Both the line below containing "Used 2023 Toyota Highlander XLE image 22" and the line containing "Chrysoprase and motherstone hoop earring", along with every line between them, should be repeated exactly; no other line belongs in the answer.

══ INFORMATION ══

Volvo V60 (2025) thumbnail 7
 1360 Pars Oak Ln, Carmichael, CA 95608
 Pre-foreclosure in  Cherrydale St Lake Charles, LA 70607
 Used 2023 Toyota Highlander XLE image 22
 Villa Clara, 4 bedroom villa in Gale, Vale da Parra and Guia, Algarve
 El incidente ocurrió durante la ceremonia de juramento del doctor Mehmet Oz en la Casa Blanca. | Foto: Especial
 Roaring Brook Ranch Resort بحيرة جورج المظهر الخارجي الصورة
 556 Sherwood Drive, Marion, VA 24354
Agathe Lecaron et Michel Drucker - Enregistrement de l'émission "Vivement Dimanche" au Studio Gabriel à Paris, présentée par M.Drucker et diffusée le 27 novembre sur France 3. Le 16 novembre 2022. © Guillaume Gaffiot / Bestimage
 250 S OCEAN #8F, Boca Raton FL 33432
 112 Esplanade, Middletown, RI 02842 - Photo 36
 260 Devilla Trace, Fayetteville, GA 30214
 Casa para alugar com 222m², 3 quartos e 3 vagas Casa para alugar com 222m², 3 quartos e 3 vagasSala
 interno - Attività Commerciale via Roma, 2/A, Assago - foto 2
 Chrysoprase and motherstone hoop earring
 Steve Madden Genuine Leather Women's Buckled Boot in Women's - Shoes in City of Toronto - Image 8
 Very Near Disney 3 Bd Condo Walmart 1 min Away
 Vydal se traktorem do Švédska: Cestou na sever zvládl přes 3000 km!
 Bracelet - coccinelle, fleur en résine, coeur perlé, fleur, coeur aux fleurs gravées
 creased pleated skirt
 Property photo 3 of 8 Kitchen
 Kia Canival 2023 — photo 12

═══

* **SOLUTION**
 Used 2023 Toyota Highlander XLE image 22
 Villa Clara, 4 bedroom villa in Gale, Vale da Parra and Guia, Algarve
 El incidente ocurrió durante la ceremonia de juramento del doctor Mehmet Oz en la Casa Blanca. | Foto: Especial
 Roaring Brook Ranch Resort بحيرة جورج المظهر الخارجي الصورة
 556 Sherwood Drive, Marion, VA 24354
Agathe Lecaron et Michel Drucker - Enregistrement de l'émission "Vivement Dimanche" au Studio Gabriel à Paris, présentée par M.Drucker et diffusée le 27 novembre sur France 3. Le 16 novembre 2022. © Guillaume Gaffiot / Bestimage
 250 S OCEAN #8F, Boca Raton FL 33432
 112 Esplanade, Middletown, RI 02842 - Photo 36
 260 Devilla Trace, Fayetteville, GA 30214
 Casa para alugar com 222m², 3 quartos e 3 vagas Casa para alugar com 222m², 3 quartos e 3 vagasSala
 interno - Attività Commerciale via Roma, 2/A, Assago - foto 2
 Chrysoprase and motherstone hoop earring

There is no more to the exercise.